A collaboration between scientists from Dublin’s Trinity College (Ireland) and the University of Queensland (Australia) identified a compound able to inhibit an inflammatory process common to many diseases, including Alzheimer’s disease. The study entitled “A small-molecule inhibitor of the NLRP3 inflammasome for the treatment of inflammatory diseases” was published on line in the journal Nature Medicine.
Pathogenesis of several diseases, including Alzheimer’s, have a strong inflammatory component. Inflammatory processes can be triggered by molecules of the NOD-like receptor (NLR) family such as NLRP3. Once activated, this molecule leads to a cascade of events known as the NLRP3 inflammasome that ultimately causes the production of inflammatory factors. Aberrant activation of NLRP3 is responsible for increased inflammatory responses in complex diseases such as multiple sclerosis, Muckle-Wells syndrome, type 2 diabetes, Alzheimer’s disease and atherosclerosis.
Targeting this molecule can overcome the side effects of other anti-inflammatory drugs commonly used: “Drugs like aspirin or steroids can work in several diseases, but can have side effects or be ineffective. What we have found is a potentially transformative medicine, which targets what appears to be the common disease-causing process in a myriad of inflammatory diseases,” said Luke A J O’Neill, one of the team leaders.
Previous studies identified NLRP3 inhibitors, though neither very potent nor specific. This research team now identified a specific inhibitor of NLRP3 inflammasome, the molecule MCC950. They observed that it inhibits NLRP3 in mouse models of multiple sclerosis with consequent attenuation of disease progression. MCC950 also blocks production of inflammatory factors in blood samples from patients with a severe inflammatory disorder, Muckle-Wells syndrome. These results demonstrated the pharmaceutical potential of this specific NLRP3 inhibitor.
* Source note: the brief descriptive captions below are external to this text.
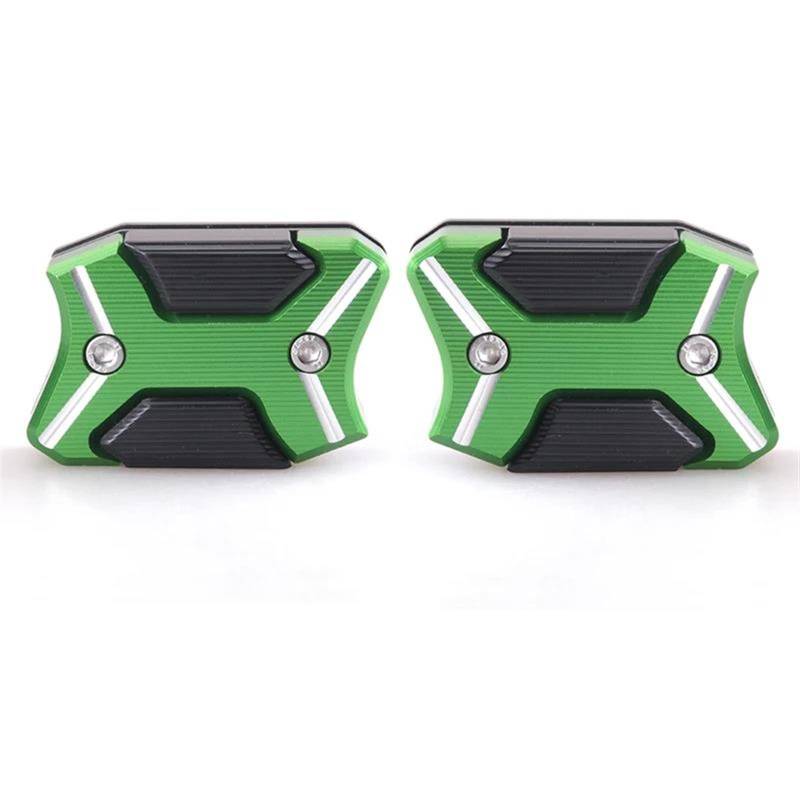 Motorrad Crash Schieberegler Rahmen Slider Für BMW G310R 2016-2019 Fallende Schutz CNC Aluminium Legierung Motorrad Anti Crash Pads Verkleidung Wachen(Groen) von SXQPOCAR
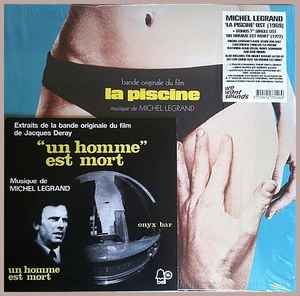 Bande Originale Du Film La Piscine - Michel Legrand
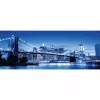 Puzzle Panorama - Leuchtendes jauna York (1000 gabali)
“MCC950 is blocking what was suspected to be a key process in inflammation. There is huge interest in NLRP3 both among medical researchers and pharmaceutical companies and we feel our work makes a significant contribution to the efforts to find new medicines to limit it,” said Rebecca Coll, the paper’s first author.
The researchers were able to demonstrate the potential of MCC950 in multiple sclerosis, an inflammatory disease of the central nervous system (CNS). However, the target for MCC950 is strongly implicated in other diseases of the CNS such as Alzheimer’s and Parkinson’s diseases indicating that it has the potential to treat all of these conditions. The fact that MCC950 can be orally administered further enhances the potential of this molecule as a therapeutic drug.
“MCC950 is able to be given orally and will be cheaper to produce than current protein-based treatments, which are given daily, weekly, or monthly by injection. Importantly, it will also have a shorter duration in the body, allowing clinicians to stop the anti-inflammatory action of the drug if the patient ever needed to switch their immune response back to 100% in order to clear an infection.” said Matt Cooper, chemist and also co-senior author in this study.